Je n’étais pas familier avec l’oeuvre de Stéphane Dupont, animateur de radio, le midi, à CHOI, à Québec, jusqu’à ce que je tombe sur ce reportage d’Infoman sur le blogue de La Clique. Je l’ai dit et je le répète, il se fait de la très bonne radio à Québec. Mais il y a des singeries qui renforcent, genre, les préjugés. Comme celles de M. Dupont, sur Haïti, à grands renforts de sacres et d’obscénités qui sonnent bizarrement comme des rots. On écoute ça et on se croirait vraiment à la taverne, et encore, à la taverne juste après le last-call, quand les lumières sont allumées, que le barman a hâte d’aller se coucher et qu’un dernier client colle encore, englué dans un grand monologue sur l’état du monde, tanguant dangereusement sur son tabouret…
Évidemment, les Prix Nobel comme M. Dupont se défendent en disant qu’ils disent tout haut ce que « le monde » dit tout bas. Mais ce n’est pas ça le problème. On peut dire ce qu’on veut. Même : « Moi, je donne pas à Haïti. » C’est une position qui se défend parfaitement. Le pépin, c’est la méthode. Pour faire une image : on se décrotte le nez dans l’intimité, comme on y fait ses besoins intimes. On a le droit de faire ses deux activités. Mais on n’est pas obligés de les faire en public. Ou à la radio de Radio Nord Communication.
Bon, enfin, qu’importe. M. Dupont a tout à fait le droit d’animer à la radio. C’est un pays libre. Des entreprises de radio ont le droit d’embaucher qui elles veulent pour attirer le maximum de BBM, qui en retour fixent les tarifs publicitaires, qui forment eux-mêmes les revenus des stations de télévision. Elles ont le droit. On peut choisir de ne pas écouter, les BBM plongent alors, ainsi que les revenus publicitaires et, à la fin, nonobstant toute la libaaaaaartéééééé qu’on prône, l’animateur non-écouté est remercié. C’est ainsi qu’un animateur perd un micro*.Mais M. Dupont n’a pas ce problème, il est très largement écouté. Et ce midi, il s’offusquera peut-être de ce billet, mais il en est au fond bien heureux. Les gens qui font leurs besoins en public, au fond, veulent être vus…
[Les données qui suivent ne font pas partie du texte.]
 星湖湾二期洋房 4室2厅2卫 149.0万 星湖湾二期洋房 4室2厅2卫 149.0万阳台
Raynald Brière – Patron de M. Dupont (Photo La Presse)
On peut aussi choisir de poser des questions aux dirigeants. La page web des dirigeants de RNC est sur son site web. Le grand patron de la direction Radio-Nord Communication s’appelle Raynald Brière. Il en est le président et chef de la direction. M. Brière est un homme très respecté dans le monde de la radio montréalaise, je le dis sans sarcasme. Il a aussi été grand patron de TVA où il a encore imposé sa réputation de gestiionnaire médiatique chevronné.
Puis, il s’est retrouvé chez RNC. Après son arrivée, CHOI, via Genex, est entrée dans la grande famille RNC.
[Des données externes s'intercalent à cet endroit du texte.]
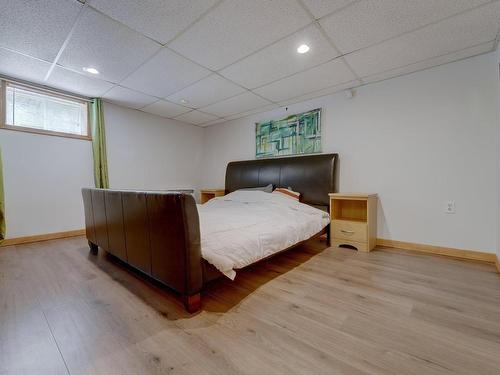 Master bedroom - 18 Av. Conrad-Gamache, Saint-Paul-De-L'Île-Aux-Noix, QC - Indoor Photo Showing Bedroom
Qu’il soit à la tête d’un groupe qui tolère pareilles singeries me sidère.
Ma question est peu loadée, M. Brière, désolé, mais n’ayant pas fait carrière dans les vidanges, quand vous écoutez le gars qui anime le midi à votre succursale de Québec, vous bouchez-vous un peu le nez ?
*L’autre façon de perdre un micro : quand un animateur coûte tellement cher à défendre juridiquement en cour dans le cadre de poursuites en diffamation ou devant les organismes réglementaires, comme le CRTC, qu’il en vient à coûter davantage à sa station que ce qu’il rapporte.